My inspiration for being involved in this program is based in my life-long interest in our amphibian friends, and my appreciation for the natural landscape that I have been exploring along the shores of the Scarborough Bluffs. 

In April of last year, I was going for an early morning walk and as I was half way down the Guild service road I was amazed to hear an orchestra of delightful calls and chirps echoing up the hill. It seemed to be coming from the direction of the lake. Being new to the area, at first I was surprised. I had no idea what the sound was, or where it was coming from. I slowly proceeded down the service road and as I got to the end, I paused for a moment to listen again. The sound was louder. I realized the direction it was coming from and looked over the hill and there below me I saw the pond, just to the east of Guild beach. Then I realized it was the sound of frogs calling! I was amazed by this discovery and so delighted to find this pond. How wonderful to have this important habitat so close to the beach.   Frogs are an important part of local biodiversity and are considered 'indicator' species because of how vulnerable they are to environmental changes. 

"Frogs and toads have a special role to play in keeping the environment healthy. With their semi-permeable skin and their ability to live 'on the edge' between water and land, frogs and toads are very sensitive to pollution and other environmental changes"

I learned about the Frog Watch and Turtle Tally programs this past winter when I was updating my sightings of frogs and turtles onto regional and national databases.  I have been looking forward to being involved in the Adopt-A-Pond program with great anticipation and now that spring is here, I hope you will enjoy taking this journey with me. I'll be back soon with some updates on my recent visits to the pond!

Wednesday, March 22, 2017

April 9 - Beach Walk from East Point to Grey Abbey

We're very pleased to be offering this walk along the beach with you on Sunday April 9th at 2 pm. We look forward to sharing the unique features of East Point and Grey Abbey with you! 

This 3 km sand beach along the Scarborough Bluffs is a natural area completely uninterrupted by development. The shoreline has been shaped by the elements of wind and water over time, and the sand beach has accumulated by the silty clay of the bluffs that have eroded, collected and gathered on the shore. This area is pretty much as natural as you will find, and it's quite the accomplishment to have in an urban area. Come walk the beach and learn why this area may become one of Toronto's most celebrated regional attractions of the future.

• As you walk the sand beach, the only sounds to be heard will be that of the waves rolling onto the shore beside you. This walk is an acoustic delight, offering you a well-deserved reprise from the bustling sounds of urban living!

• This dynamic open coast represents one of the most beautiful natural areas in the city. If you're an artist or collector, you won't be able to resist the beach glass, driftwood and variety of stones that we'll come across.

• The entire length of this shoreline provides a view of the low level bluffs, offering a glimpse into the remarkable geology that has remained unchanged for thousands of years.
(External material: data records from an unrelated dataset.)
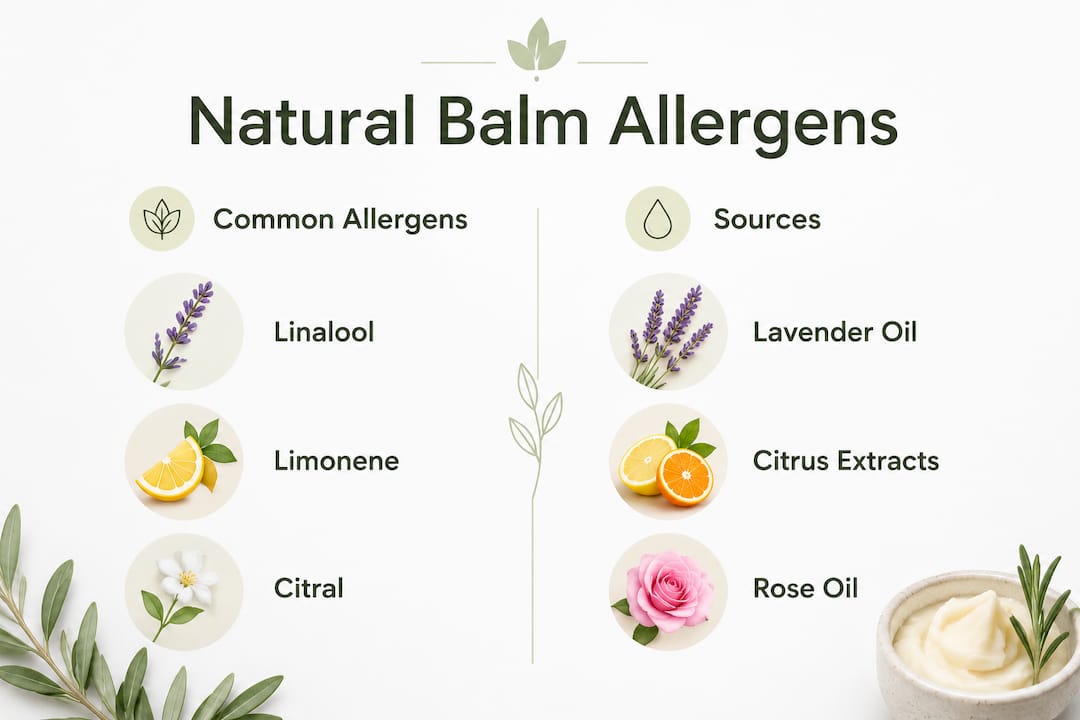 Infographic comparing natural balm allergens and their sources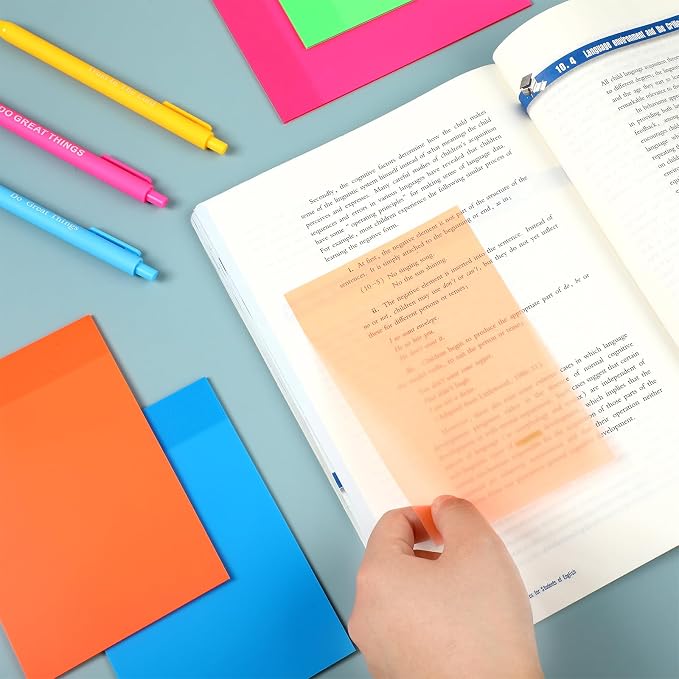 Yinder 4 x 6 Inch Transparent Sticky Notes Translucent Sticky Notes 240 Sheets Waterproof Clear Self Memo Pad See Through Back to School Bible Journaling Accessories Office School Supply(Bright)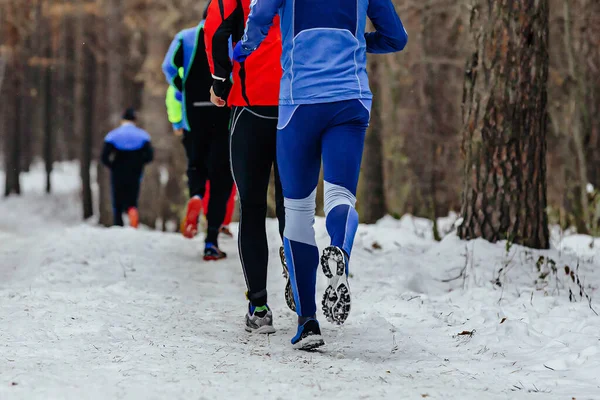Спортсмены Бегущие Зимним Дорожкам Люди Бегущие Вместе Снежный Лес — стоковое фото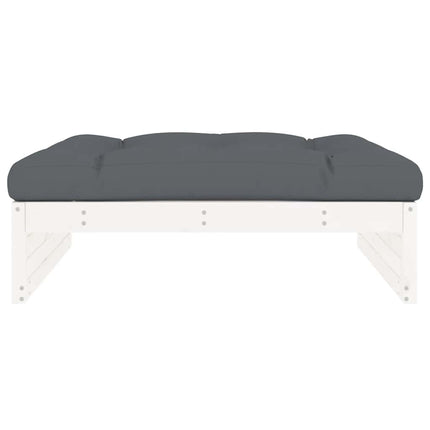 Fotpall för trädgården vit 120x80 cm massiv furu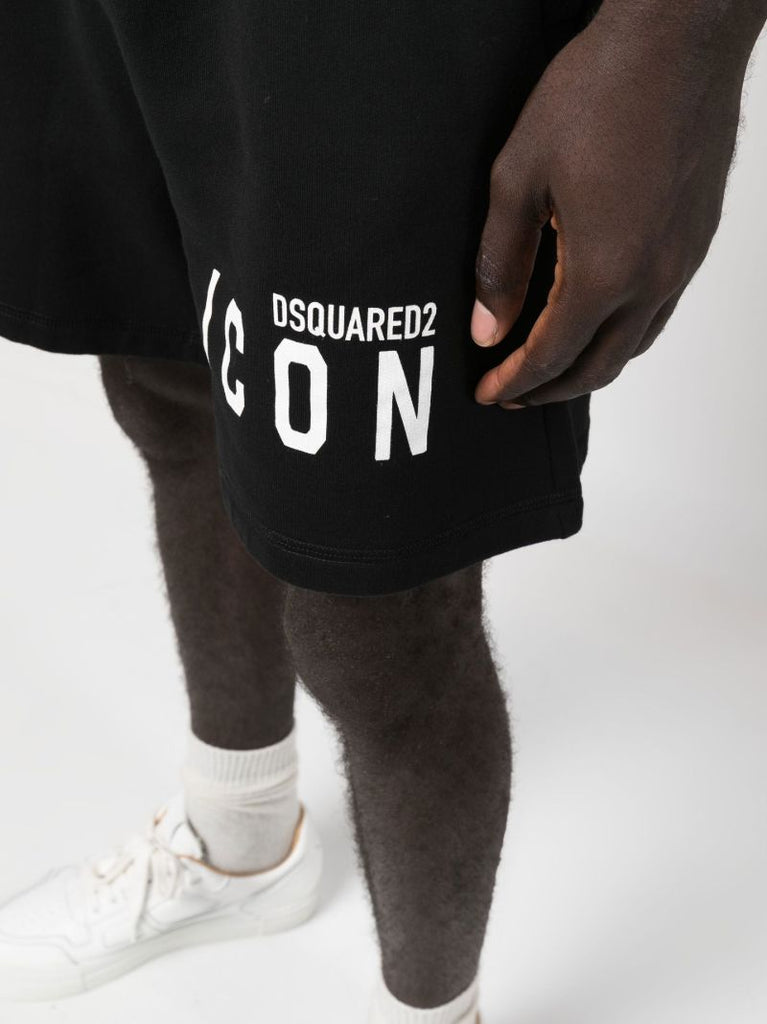 Black Logo Print Track Shorts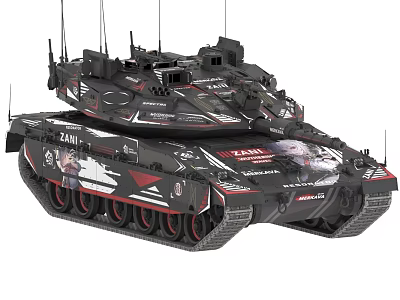 Futuristic Black Tank With Multiple Antennas Red Accents Turret Design And ZAKU Graphics 3d model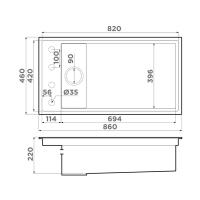 Мойка 86 см Omoikiri Kinaru PRO 86-U/I-CN canyon - 2 фото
• The benefit of water access for the local wildlife will become obvious and as we proceed down the beach on our walk, we'll keep an eye on the variety of animal tracks. We'll also point out the nesting location for the thousands of bank swallows that make this area home when they return in spring. 

• The unique features of this open coast make this shoreline ideal for recreation. The beaches of East Point and Grey Abbey offer optimum entry points for wind and water-based activities that include surfing, swimming, kayaking, paragliding and more. 
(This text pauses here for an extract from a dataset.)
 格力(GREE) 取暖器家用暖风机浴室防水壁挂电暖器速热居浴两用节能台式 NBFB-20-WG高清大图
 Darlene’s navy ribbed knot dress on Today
How many cities can boast a sand beach over 3 km in length that offers so much value, and the only thing we have to give in return is to preserve the natural beauty that is already there? 

Join us on this beach walk - experience for yourself!
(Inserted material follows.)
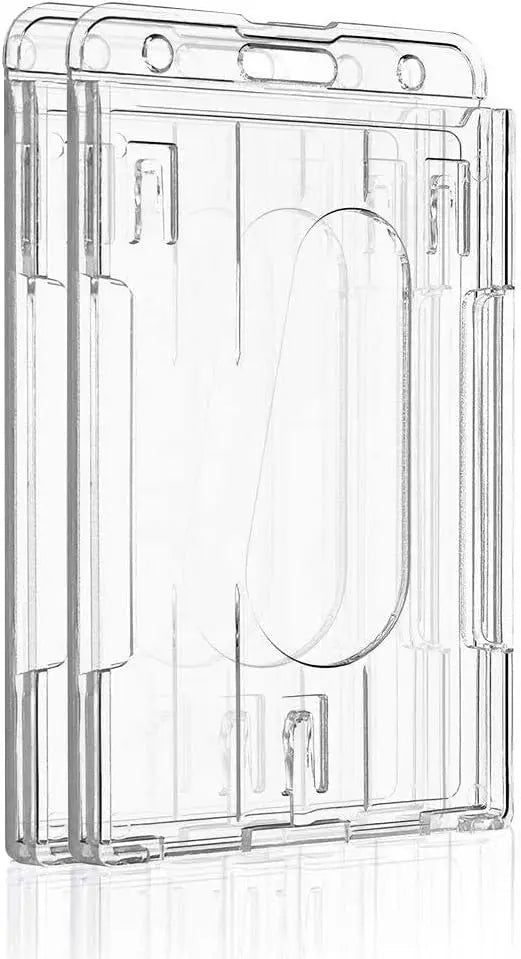 2 Pack Vertical 2-Card Rigid PC Badge Holders, Transparent ID Card Case with Thumb Slot, Easy Remove for Office School Access ID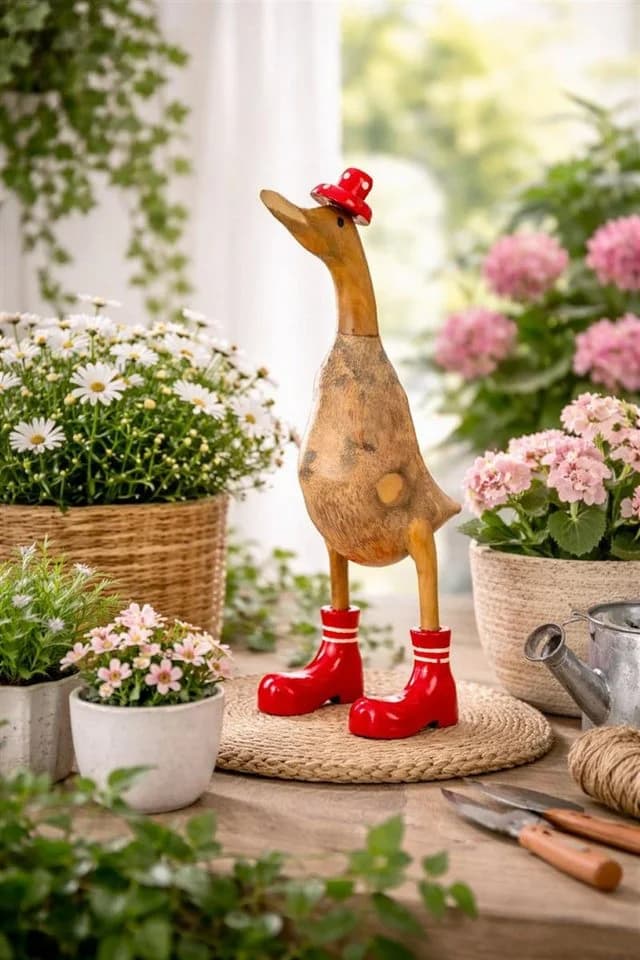 Geschenkestadl Bali Ente Dekofigur Holz mit Stiefeln oder Badelatschen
We will walk for approximately 2.5 hrs. All ages and walking levels welcome. The walk is mostly sand beach but there is some uneven terrain, stepping over driftwood etc. 

Please note there are no washroom facilities. 

We will be meeting in the public parking area of East Point Park at 4 Beechgrove Drive. 

Call for details 416-871-5132 or email

If you are travelling by TTC, please take the #86D and get out on the corner of Coronation and Beechgrove. It will be a 15 minute walk south east of there. If you need to be picked up from there, please phone us (plan to arrive a bit early) and we can pick you up from there or carpool from another location.  

Tuesday, March 14, 2017

Grey Abbey Walking Tour - March 5th Highlights

Thank you to everyone that joined our recent walking tour of Grey Abbey Park and Ravine. The walking tour was well attended and even in the extreme cold, we had a group of 34 guests!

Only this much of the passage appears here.